Session Description:
Each five-minute Lightning Talk consists of a maximum of 20 slides that advance automatically every 15 seconds. These inspiring sessions provide quick glimpses of the latest innovations, interesting ideas and new technologies and services.

 

Lightning Talks 2

 

Session Description:
Each five-minute Lightning Talk consists of a maximum of 20 slides that advance automatically every 15 seconds. These inspiring sessions provide quick glimpses of the latest innovations, interesting ideas and new technologies and services.

 

Lightning Talks 1

 

Session Description:
Each five-minute Lightning Talk consists of a maximum of 20 slides that advance automatically every 15 seconds. These inspiring sessions provide quick glimpses of the latest innovations, interesting ideas and new technologies and services.

 

Lightboard Videos for Library Outreach and First-Year Engineers

 

Session Description:
Would you like to create videos for use in a flipped classroom library environment? Would it be helpful to incorporate real-time writing, videos, props, or slides in these videos? If you answered yes to both of these questions, consider making lightboard-based videos. This session will describe one institution’s use of lightboard technology for library outreach and a design-based first-year engineering class. Participants will leave understanding lightboard capabilities and best practices, and will brainstorm topics to make lightboard-based videos for use in their instruction sessions.

 

Libraries Lead the Charge: Best Practices for Engaging Student Veterans

 

Session Description:
As academic libraries continue to recognize the unique needs of student veterans, they must seek ways to revise old and create new services and increase overall support to this growing population. In this “boot camp,” panelists actively engaged in providing library services to student veterans will discuss research findings, innovative approaches to providing outreach, and lessons learned in the process of implementing programs and services. This session will introduce attendees to a variety of ways libraries have engaged veterans and those actively serving, and equip them with reliable “intel” that can be implemented immediately at their home institutions.

 

Librarians are doin’ it for themselves: Developing our own open-source ILS

 

Session Description:
Librarians are no longer waiting for vendors to produce software that doesn’t really do what they need it to, at a price they can’t really afford. Software companies and developers have been telling librarians what they want and need for far too long–now librarians are stepping up and saying this is no longer acceptable.
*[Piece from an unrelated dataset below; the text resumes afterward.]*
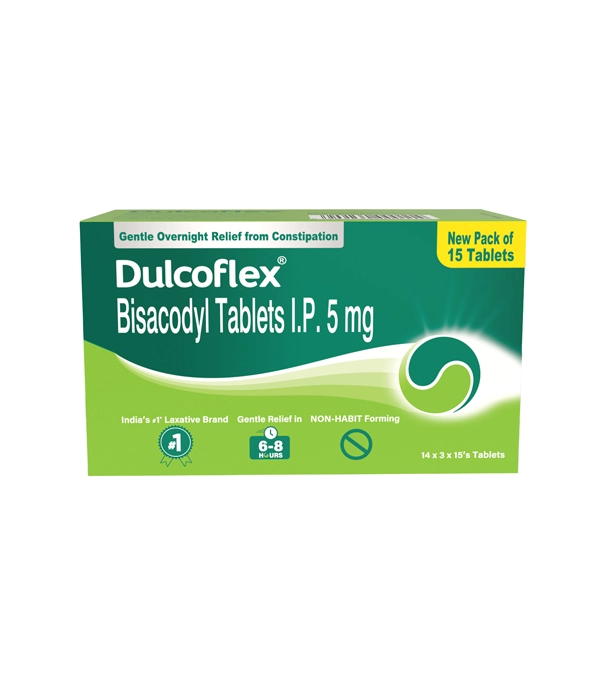 Dulcolax Overnight Laxative Tablets packaging with doctor recommendation badge.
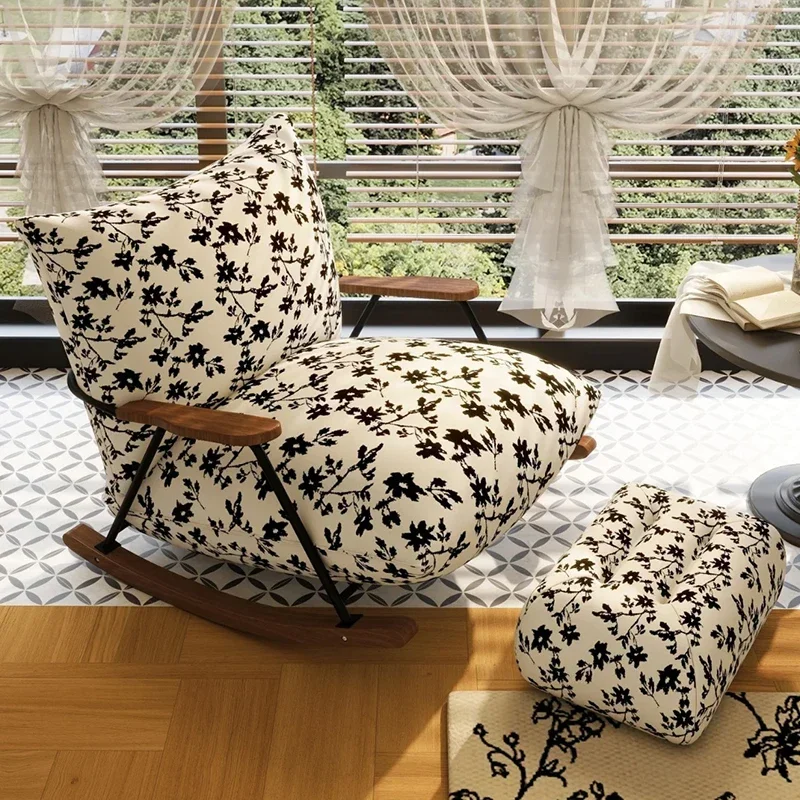 Tumbonas Vintage, sillas perezosas para sala de estar, brazo cómodo, sillas trono de lectura para relajarse, Sillones de balcón de diseño, muebles para el hogar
Case in point is the new Integrated Library System (ILS) being developed on the open-source FOLIO Library Services Platform (LSP) in conjunction with roughly a dozen academic libraries. Over 100 academic librarians from these libraries are working on the project as Subject Matter Experts (SMEs), Special Interest Group (SIG) conveners, members of the Product Council (which is responsible for guiding the development of the product and prioritizing the work), Product Owners, and in other roles. This panel discussion will highlight why the libraries involved have decided to develop their next ILS, the pivotal role of librarians on the project, and how the project has impacted the libraries involved. We will start the session with a brief overview of the project organization and the development process, in order to frame the discussion to follow.

 

Leveraging Visual Literacy to Engage and Orient First-Year College Students in the Library

 

Session Description:
Incoming students often leave their library orientation session overwhelmed and overstressed, but this does not need to be the case. Visual literacy and visual culture can be leveraged to engage students and improve library orientation sessions. Students enrolled in select sections of the First Year Experience (FYE) courses at 2 public universities engaged in an alternate approach to library orientation, which made use of hands-on learning and peer teaching, as well as visual literacy. This session will discuss the activity’s structure, theoretical basis, and assessment, and the importance of addressing the social and emotional dimensions of learning in library instruction.